EDITORIALE OTTOBRE 2022

Il ciclone Meloni porta l’Italia a destra.
Sei i parlamentari trevigiani.

L’onda nera si abbatte sull’Italia. Alle recenti elezioni politiche il ciclone Giorgia Meloni ha vinto, anzi stravinto, confermando quindi quello che le proiezioni avevano anticipato. Nessuno però poteva immaginare una vittoria così larga tanto che Fratelli d’Italia è diventato il primo partito in Italia con il 26%, secondo il Partito Democratico fermo al 19% poi clamorosamente il Movimento 5 Stelle con il 15,6% poi, in maniera davvero clamorosa arriva La Lega ferma al 8,9% di poco sopra a Forza Italia che invece arriva all’8,3%.
Al di là dei numeri ci sono alcune riflessioni da fare soprattutto se questi dati vengono confrontati con quelli delle elezioni precedenti, quelle del 2018.
Prendiamo ad esempio i vincitori, Fratelli d’Italia, quattro anni fa aveva ottenuto 1,4 milioni di voti adesso, 7,2 milioni. Come può un partito avere una crescita così spaventosa in soli quattro anni? E’ certamente una cosa che meriterebbe uno studio approfondito. Forse la Meloni ha parlato alle pance degli Italiani che ormai erano scontenti dei soliti partiti e delle solite promesse in campagne elettorali scontate, banali e non mantenute.
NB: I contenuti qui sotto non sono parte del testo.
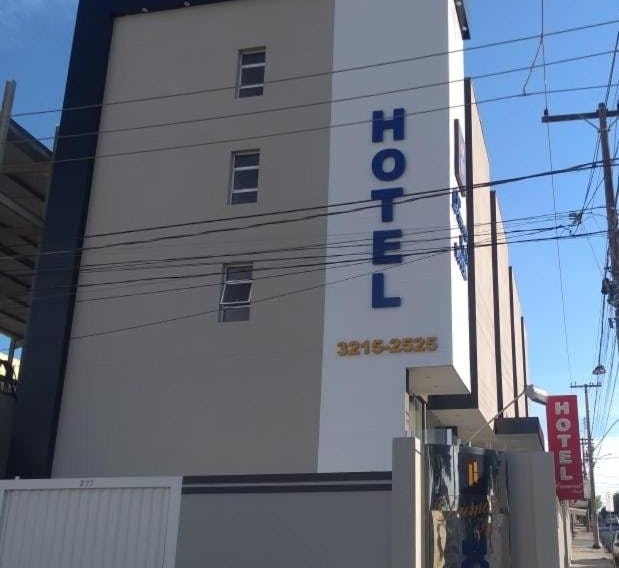 Dumont Park Hotel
Forse la Giorgia nazionale è stata premiata per essere stata l’unica a fare opposizione ad un governo dalle larghe intese che sembrava un minestrone, con tutti i partiti all’interno fuorchè uno: il suo.
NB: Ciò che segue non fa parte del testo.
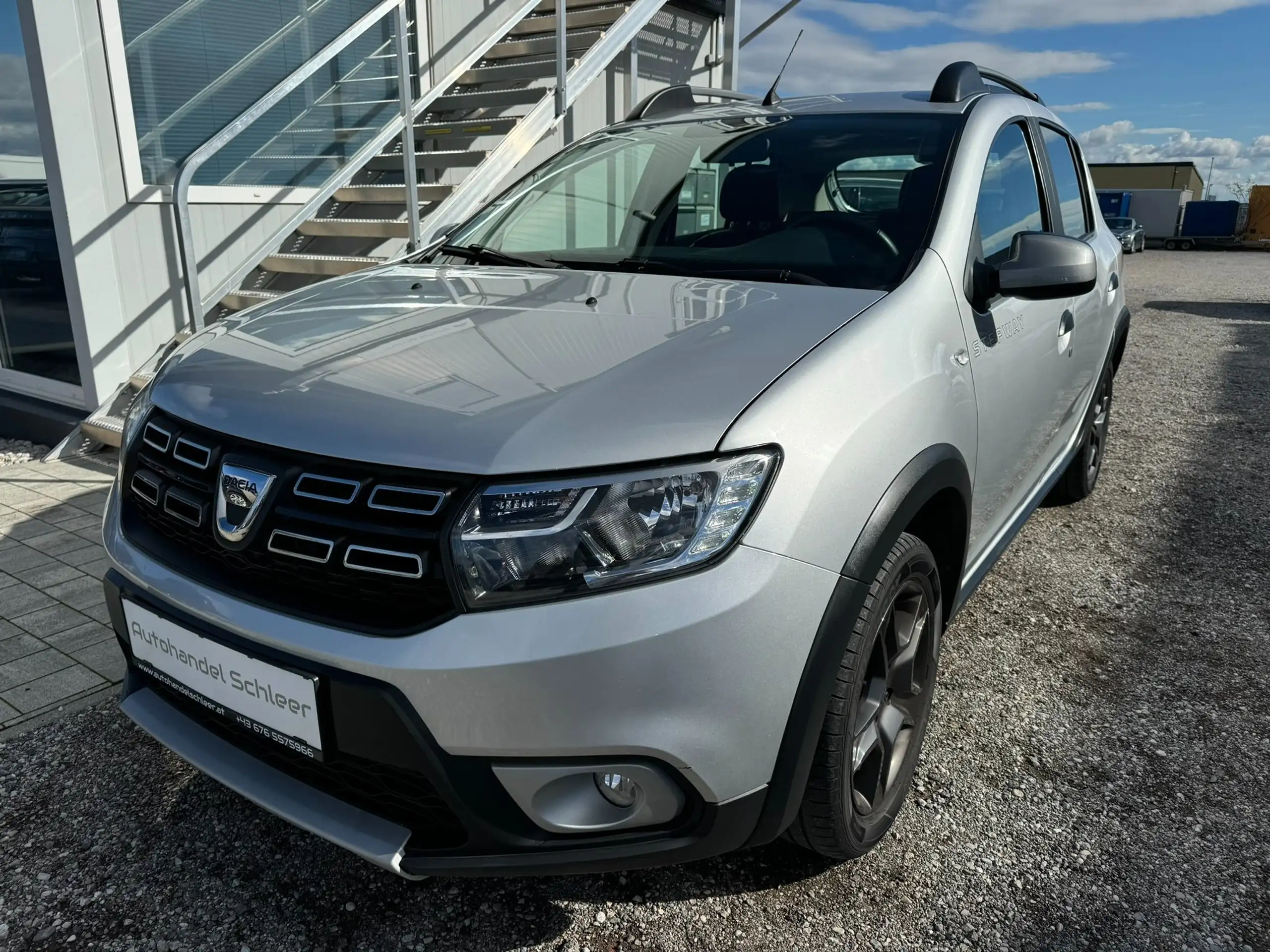 Dacia - Sandero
E’ comunque fuori discussione che i voti che la Meloni ha ottenuto arrivano dai tanti delusi della Lega e della politica di Salvini che se avesse un minimo di rispetto per sé stesso e i verdi militanti dovrebbe rassegnare le dimissioni come invece ha fatto il pieddino Letta, che si è dimostrato di avere più valori umani e professionali e un maggior rispetto verso i militanti della sinistra.
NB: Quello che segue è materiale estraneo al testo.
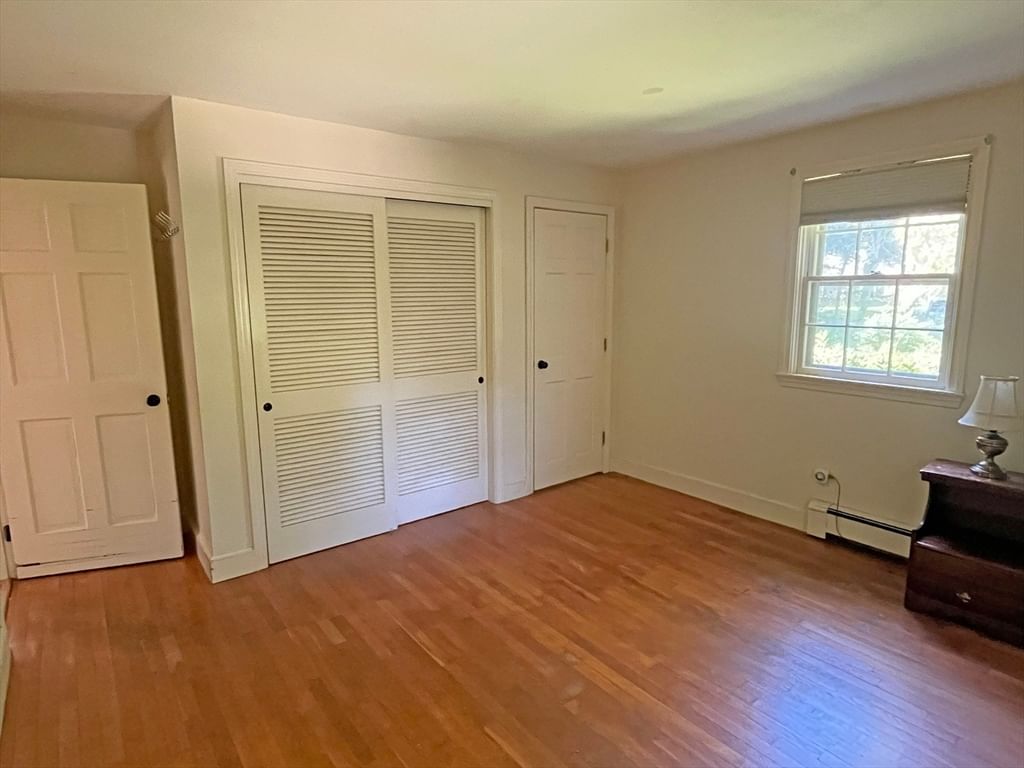 7 Tupola Ln Mattapoisett — Photo 8 of 27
Male quindi, anzi malissimo, per i leghisti che rispetto al 2018 anno perso oltre la metà dei voti, passando da 5,7 milioni di voti agli attuali 2,5.
Molte le teste illustri tagliate. Da Sgarbi (Noi Moderati), Di Maio (Impegno Civico), Carfagna (Azione), Fiano (pd), Bonino (Europa), Calenda (Azione), Tremonti (Fratelli d’Italia), Gelmini (Azione), Appendino (M5s).
Ma come se la sono cavata i trevigiani? Nessuno è andato al Senato, ma sei faranno parte del nuovo parlamento: Carlo Nordio (Fratelli d’Italia), Ingrid Bisa (Lega), Dimitri Coin (Lega), Marina Marchetto Aliprandi (Fratelli d’Italia), Gianangelo Bof (Lega), Rachele Scarpa (Pd).
Ma cosa cambia per i comuni della Marca dove regnava la Lega che adesso è stata bruciata dalla fiamma tricolore? Come si comporteranno i trevigiani alle prossime elezioni comunali per amministrare Cà Sugana?
E’ vero che nelle amministrative si vota più la persona che il simbolo e in questo caso Mario Conte non dovrebbe avere problemi anche perchè l’attuale giunta è composta da Lega e da Forza Italia con il vice sindaco Andrea De Checchi. Ma cosa succederebbe se i Fratelli d’Italia decidesse di correre da soli?